In the government’s first public military action at the behest of Joe Biden, the US president targeted a notorious enemy: Iran. The Democrat on Thursday ordered an airstrike in eastern Syria against facilities that the Pentagon said belonged to militias supported by the Persian country.
The attacks appear to be limited in scope, reducing the risk of tensions escalating. It was a US response to an initiative against a US military base in Iraq ten days ago which resulted in one civilian death and six injuries, including an American soldier.
Biden’s decision to attack only in Syria and not Iraq, at least for now, also gives Baghdad a break as it investigates the February 15 contract.

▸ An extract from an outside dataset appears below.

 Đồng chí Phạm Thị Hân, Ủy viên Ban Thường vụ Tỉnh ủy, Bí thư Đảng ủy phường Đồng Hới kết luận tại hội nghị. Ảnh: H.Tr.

“Under President Biden’s leadership, US military forces earlier this evening carried out airstrikes against infrastructure used by Iranian-backed militant groups in eastern Syria,” the spokesman said. Pentagon John Kirby in a statement.

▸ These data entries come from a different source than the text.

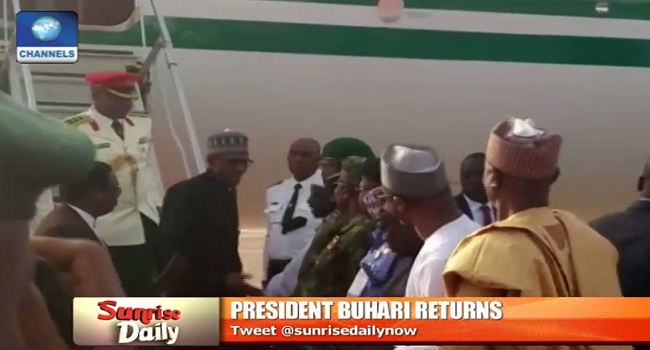 Buhari welcomed by dignitaries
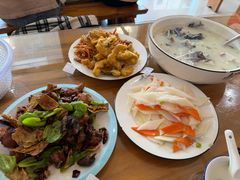 -美顺香食府鱼头老店(雪野湖店)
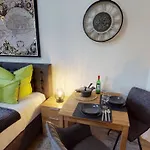 Sweethome - Zentral - Kueche & Parkplatz, Wifi *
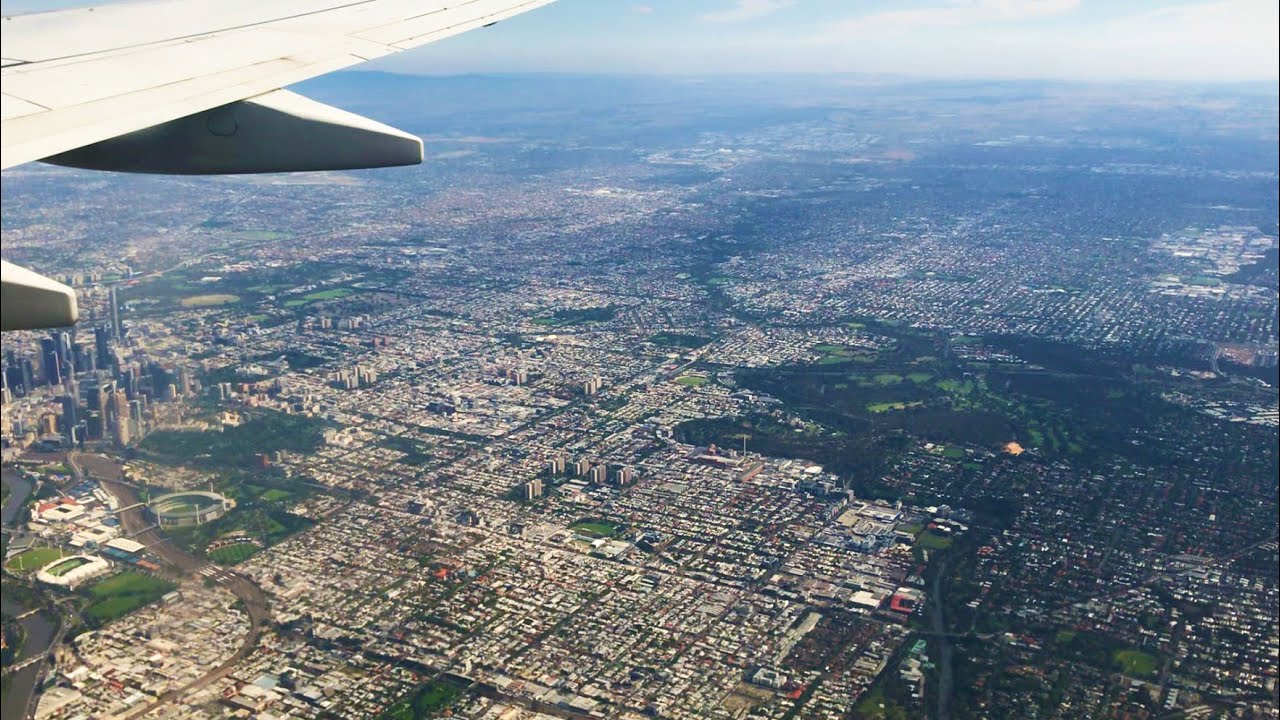 BEST VIEW OF MELBOURNE FROM ABOVE 1080p FULL HD | QANTAS 737 landing at Melbourne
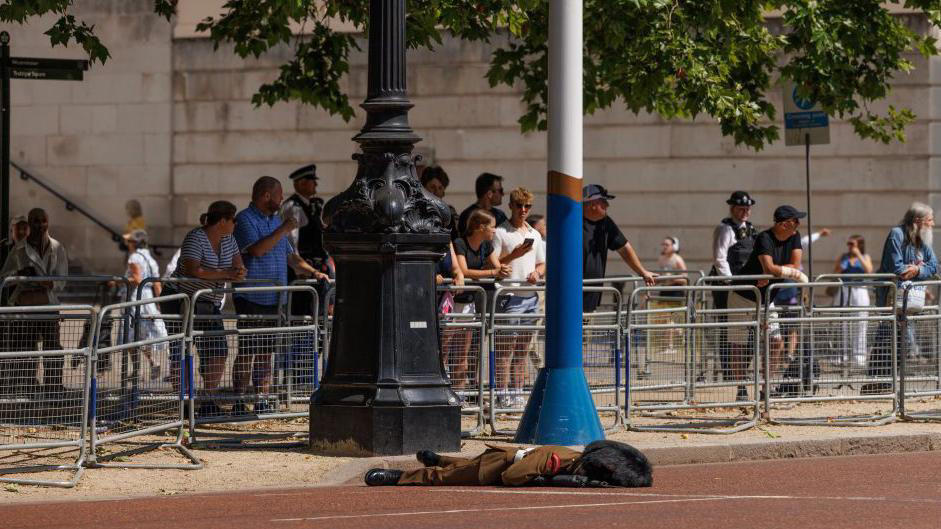 army soldier collapses on mall in london heat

He added that the attacks destroyed several facilities at the border checkpoint used by groups like Kata’ib Hezbollah and Kata’ib Sayyid al-Shuahada.
US officials heard by The New York Times said the military action was a small protest: a bomb dropped on a small cluster of buildings on the Syria-Iraq border, used for the transit of militias and weaponry .
Another Washington official, speaking on condition of anonymity to the Reuters news agency, said the decision to carry out the attacks should be taken as a sign that the United States does not want the situation to turn into a greater spiral of conflict, even though they punished the militias.
The action was at the border precisely to prevent a diplomatic counterattack against the Iraqi government. The Pentagon offered Biden a range with larger lenses, but the president approved the smaller scale, officials told the US newspaper. It is not yet known what type of damage was caused or whether there were any casualties.
The February 15 attack on the US military base came days before the US made the first official decision to revert to the nuclear deal with Iran – Washington abandoned the treaty in 2018 under Donald Trump .
It is not yet clear how and if the escalation of tensions will have an impact on efforts to resume the 2015 pact.
On February 15, rockets struck the US military base at Erbil International Airport, an area of Iraq under the control of the Kurds. A few days later, another attack hit a base receiving US forces in northern Baghdad. Earlier this week, more rockets struck the Green Zone in Baghdad, where the U.S. Embassy and other diplomatic missions are located.
Kata’ib Hezbollah has denied any involvement in the attacks. Some Western and Iraqi officials say the initiatives, often claimed by little-known groups, are carried out by militants with ties to that group, as a way for Iranian allies to pursue US forces without being held accountable.